Faro com novas hortas sociais no início do próximo ano

Faro vai ganhar, no início do próximo ano, novas hortas sociais nos terrenos da Direção Regional de Agricultura. A Voz do Algarve, esteve à conversa com Pedro Valadas Monteiro, Diretor Regional de Agricultura e Pescas do Algarve, que nos deu mais pormenores sobre este projeto. O responsável falou ainda sobre os principais problemas da região e os projetos que vão ser implementados em 2021 na área da Agricultura.

VA - A Direção Regional de Agricultura e Pescas do Algarve (DRAPAlg) já assinou o protocolo com a Câmara Municipal de Faro para a cedência de um terreno que tem como objetivo a instalação de hortas sociais. Em que consiste este projeto?

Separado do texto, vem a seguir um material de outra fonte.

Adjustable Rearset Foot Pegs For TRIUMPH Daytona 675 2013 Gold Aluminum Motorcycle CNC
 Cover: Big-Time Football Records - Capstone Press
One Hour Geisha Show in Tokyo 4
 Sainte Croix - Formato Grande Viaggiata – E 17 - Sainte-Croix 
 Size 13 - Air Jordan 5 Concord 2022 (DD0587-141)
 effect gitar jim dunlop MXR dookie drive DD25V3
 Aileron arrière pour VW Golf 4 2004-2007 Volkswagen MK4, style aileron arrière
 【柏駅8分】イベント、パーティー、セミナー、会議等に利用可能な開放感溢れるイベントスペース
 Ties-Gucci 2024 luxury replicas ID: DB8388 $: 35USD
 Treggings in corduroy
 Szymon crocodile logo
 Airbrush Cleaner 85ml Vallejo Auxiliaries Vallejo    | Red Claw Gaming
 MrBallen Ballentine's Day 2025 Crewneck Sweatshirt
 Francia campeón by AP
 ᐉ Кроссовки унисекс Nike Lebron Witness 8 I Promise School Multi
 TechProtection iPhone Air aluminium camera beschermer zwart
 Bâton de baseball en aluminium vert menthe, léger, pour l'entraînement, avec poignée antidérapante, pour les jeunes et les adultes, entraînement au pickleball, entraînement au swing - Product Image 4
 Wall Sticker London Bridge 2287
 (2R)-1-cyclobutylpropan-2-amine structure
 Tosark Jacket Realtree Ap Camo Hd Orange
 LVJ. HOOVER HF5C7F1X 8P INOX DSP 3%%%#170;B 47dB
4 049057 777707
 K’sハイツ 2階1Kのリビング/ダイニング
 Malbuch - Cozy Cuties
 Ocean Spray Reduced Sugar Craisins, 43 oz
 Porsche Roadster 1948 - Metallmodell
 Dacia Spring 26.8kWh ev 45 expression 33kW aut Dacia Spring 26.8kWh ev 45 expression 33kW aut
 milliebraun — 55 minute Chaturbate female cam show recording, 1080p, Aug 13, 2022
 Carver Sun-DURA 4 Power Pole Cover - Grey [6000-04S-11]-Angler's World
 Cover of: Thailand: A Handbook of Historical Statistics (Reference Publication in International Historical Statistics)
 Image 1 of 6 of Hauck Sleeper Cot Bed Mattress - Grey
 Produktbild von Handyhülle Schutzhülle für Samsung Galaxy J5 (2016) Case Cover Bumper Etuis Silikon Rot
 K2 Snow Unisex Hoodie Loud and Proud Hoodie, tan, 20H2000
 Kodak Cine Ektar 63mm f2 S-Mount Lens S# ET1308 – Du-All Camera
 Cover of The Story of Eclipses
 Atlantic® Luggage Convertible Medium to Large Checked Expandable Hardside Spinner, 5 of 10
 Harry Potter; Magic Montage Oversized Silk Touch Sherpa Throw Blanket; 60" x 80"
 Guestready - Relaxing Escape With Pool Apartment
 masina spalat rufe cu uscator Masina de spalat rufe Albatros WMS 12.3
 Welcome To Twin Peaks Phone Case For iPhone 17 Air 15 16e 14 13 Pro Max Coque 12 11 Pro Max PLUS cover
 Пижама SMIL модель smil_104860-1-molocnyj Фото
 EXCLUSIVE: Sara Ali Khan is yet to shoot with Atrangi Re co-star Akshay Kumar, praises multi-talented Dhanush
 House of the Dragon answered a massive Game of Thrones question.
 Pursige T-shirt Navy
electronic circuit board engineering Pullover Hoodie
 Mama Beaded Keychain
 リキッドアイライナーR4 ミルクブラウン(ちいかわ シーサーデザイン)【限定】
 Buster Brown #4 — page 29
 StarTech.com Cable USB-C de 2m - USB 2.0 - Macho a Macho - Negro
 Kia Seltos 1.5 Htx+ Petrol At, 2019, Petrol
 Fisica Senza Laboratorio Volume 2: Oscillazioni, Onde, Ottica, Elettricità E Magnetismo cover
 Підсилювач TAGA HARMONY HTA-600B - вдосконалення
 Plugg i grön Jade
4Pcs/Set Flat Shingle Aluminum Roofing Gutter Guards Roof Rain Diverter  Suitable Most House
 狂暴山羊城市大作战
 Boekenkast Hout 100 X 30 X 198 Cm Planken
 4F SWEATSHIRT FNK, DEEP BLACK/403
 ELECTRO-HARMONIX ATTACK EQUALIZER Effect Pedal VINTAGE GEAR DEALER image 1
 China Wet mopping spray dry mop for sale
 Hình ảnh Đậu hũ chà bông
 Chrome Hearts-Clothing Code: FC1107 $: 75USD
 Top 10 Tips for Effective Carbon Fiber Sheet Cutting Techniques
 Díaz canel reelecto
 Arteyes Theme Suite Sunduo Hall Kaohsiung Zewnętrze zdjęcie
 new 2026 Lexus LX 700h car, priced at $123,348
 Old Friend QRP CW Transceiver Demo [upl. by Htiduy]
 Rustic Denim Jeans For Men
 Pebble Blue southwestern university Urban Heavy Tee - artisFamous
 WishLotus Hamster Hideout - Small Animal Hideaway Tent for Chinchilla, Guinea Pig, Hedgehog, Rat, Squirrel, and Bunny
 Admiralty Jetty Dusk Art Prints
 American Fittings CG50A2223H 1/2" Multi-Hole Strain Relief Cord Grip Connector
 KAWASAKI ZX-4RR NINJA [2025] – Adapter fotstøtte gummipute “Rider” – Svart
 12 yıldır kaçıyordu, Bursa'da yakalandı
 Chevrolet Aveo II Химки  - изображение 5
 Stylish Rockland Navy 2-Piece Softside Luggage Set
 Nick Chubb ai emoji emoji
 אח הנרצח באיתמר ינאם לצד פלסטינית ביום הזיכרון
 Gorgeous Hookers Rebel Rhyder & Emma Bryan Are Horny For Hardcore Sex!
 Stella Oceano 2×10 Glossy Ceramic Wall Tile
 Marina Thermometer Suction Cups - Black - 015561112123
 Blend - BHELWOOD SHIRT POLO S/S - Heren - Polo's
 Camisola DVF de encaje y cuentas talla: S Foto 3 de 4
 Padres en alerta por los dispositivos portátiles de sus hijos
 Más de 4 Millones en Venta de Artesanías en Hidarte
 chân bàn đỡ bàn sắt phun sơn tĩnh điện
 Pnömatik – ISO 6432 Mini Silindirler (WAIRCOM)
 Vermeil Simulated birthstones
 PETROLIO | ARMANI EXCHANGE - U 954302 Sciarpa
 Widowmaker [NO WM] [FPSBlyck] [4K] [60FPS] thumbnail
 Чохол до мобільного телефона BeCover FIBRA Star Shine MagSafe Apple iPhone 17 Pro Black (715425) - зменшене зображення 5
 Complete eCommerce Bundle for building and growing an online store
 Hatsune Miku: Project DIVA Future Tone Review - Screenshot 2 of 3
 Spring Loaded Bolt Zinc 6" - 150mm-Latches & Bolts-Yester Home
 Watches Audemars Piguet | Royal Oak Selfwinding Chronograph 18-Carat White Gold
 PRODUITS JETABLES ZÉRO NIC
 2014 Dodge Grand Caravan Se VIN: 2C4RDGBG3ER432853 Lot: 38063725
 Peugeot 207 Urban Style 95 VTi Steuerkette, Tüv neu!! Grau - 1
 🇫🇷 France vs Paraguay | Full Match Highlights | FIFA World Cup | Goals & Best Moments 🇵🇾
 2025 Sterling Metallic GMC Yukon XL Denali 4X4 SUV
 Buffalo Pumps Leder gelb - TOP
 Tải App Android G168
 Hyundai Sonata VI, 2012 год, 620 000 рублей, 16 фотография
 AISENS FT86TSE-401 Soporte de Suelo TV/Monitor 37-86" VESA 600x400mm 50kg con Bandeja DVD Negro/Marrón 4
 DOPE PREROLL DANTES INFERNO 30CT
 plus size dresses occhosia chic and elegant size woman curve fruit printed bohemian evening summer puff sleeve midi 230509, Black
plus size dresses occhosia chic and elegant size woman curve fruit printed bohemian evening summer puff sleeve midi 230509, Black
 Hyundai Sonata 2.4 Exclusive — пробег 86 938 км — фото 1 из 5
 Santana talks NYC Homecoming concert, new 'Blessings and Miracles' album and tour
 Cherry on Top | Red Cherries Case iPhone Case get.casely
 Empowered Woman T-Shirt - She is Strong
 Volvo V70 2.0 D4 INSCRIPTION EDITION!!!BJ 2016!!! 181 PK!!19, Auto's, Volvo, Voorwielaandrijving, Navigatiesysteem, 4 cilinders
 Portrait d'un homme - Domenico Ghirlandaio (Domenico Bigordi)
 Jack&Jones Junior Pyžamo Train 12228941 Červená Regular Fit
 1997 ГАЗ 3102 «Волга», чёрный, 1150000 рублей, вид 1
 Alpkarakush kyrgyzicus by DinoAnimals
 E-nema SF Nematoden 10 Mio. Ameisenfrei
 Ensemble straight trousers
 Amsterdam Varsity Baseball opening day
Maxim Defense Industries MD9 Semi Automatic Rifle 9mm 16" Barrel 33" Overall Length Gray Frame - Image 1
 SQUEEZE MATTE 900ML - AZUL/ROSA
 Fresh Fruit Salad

PVM - Este projeto insere-se no âmbito da responsabilidade social da Direção Regional de Agricultura e Pescas. Nós, há vários anos, que temos protocolos no sentido de ajudar associações do nosso distrito, nomeadamente, do concelho de Faro. Tivemos, durante muito tempo, oficinas de terapias ocupacionais com a Associação de Saúde Mental do Algarve (ASMAL). Temos também um protocolo, há mais de 5 anos, com o Banco Alimentar Contra a Fome numa parcela de terreno que é em frente ao espaço das hortas sociais, que é direcionado para a produção de legumes frescos.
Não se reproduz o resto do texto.